Creating a function which gives us all the necessary details needed for data cleaning and preparation in one place.
dataInfo <- function(df) {
NAvalues <- list(); NAclass <- list(); UniqueVals <- list(); ColName <- names(df); Index <- c(1:dim(df)[2])
for(i in 1:dim(df)[2]) {
NAvalues[i] <- sum(is.na(df[,i]))
NAclass[i] <- class(df[,i])
if(class(df[,i])=="numeric" | class(df[,i])=="integer") {
UniqueVals[i] <- 'Not Applicable'
}
else{
UniqueVals[i] <- length(unique(df[,i]))
}
}
NAlist <- cbind(Index,ColName,NAvalues,NAclass,UniqueVals)
}
Info <- dataInfo(bigmart); Info
## Index ColName NAvalues NAclass
## [1,] 1 "Item_Identifier" 0 "character"
## [2,] 2 "Item_Weight" 2439 "numeric"
## [3,] 3 "Item_Fat_Content" 0 "factor"
## [4,] 4 "Item_Visibility" 0 "numeric"
## [5,] 5 "Item_Type" 0 "factor"
## [6,] 6 "Item_MRP" 0 "numeric"
## [7,] 7 "Outlet_Identifier" 0 "factor"
## [8,] 8 "Outlet_Establishment_Year" 0 "integer"
## [9,] 9 "Outlet_Size" 4016 "factor"
## [10,] 10 "Outlet_Location_Type" 0 "factor"
## [11,] 11 "Outlet_Type" 0 "factor"
## [12,] 12 "Item_Outlet_Sales" 5681 "numeric"
## UniqueVals
## [1,] 1559
## [2,] "Not Applicable"
## [3,] 5
## [4,] "Not Applicable"
## [5,] 16
## [6,] "Not Applicable"
## [7,] 10
## [8,] "Not Applicable"
## [9,] 4
## [10,] 3
## [11,] 4
## [12,] "Not Applicable"
One can conclude that the variables in this dataset may be divided into two categories-
head(table(bigmart$Item_Identifier))
##
## DRA12 DRA24 DRA59 DRB01 DRB13 DRB24
## 9 10 10 8 9 8
min(table(bigmart$Item_Identifier))
## [1] 7
bigmart$Item_Identifier <- as.factor(bigmart$Item_Identifier)
On taking a deeper look at the Item_Identifier variable we notice the following-
Since the second. and third obsevation are somewhat similar to unique ID for each product and it is difficult to get some meaning out of it we will only look into the first observation.
We will try create a new column for Item Category.
bigmart$Item_Category <- str_sub(bigmart$Item_Identifier,start = 1L, end = 2L)
bigmart$Item_Category <- as.factor(bigmart$Item_Category)
head(bigmart$Item_Category)
## [1] FD DR FD FD NC FD
## Levels: DR FD NC
From above we can infer that every product in the dataset appears atleast 7 times.
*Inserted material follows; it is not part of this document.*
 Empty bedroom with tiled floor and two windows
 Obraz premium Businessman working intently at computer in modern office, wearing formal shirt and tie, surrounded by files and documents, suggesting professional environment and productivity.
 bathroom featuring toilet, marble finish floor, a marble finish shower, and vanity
From common knowledge we know that product’s weight remains same be it any sample. Therefore we can impute the missing value in Item_Weight with the weight of same product as identified by Item_Identifier.
imputeWeight <- function(df) {
df %>%
group_by(Item_Identifier) %>%
mutate(Item_Weight = ifelse(is.na(Item_Weight),mean(Item_Weight,na.rm = T),Item_Weight)) %>%
ungroup()
}
Identify_Weight <- bigmart[,c(1,2)]
Identify_Weight <- imputeWeight(Identify_Weight)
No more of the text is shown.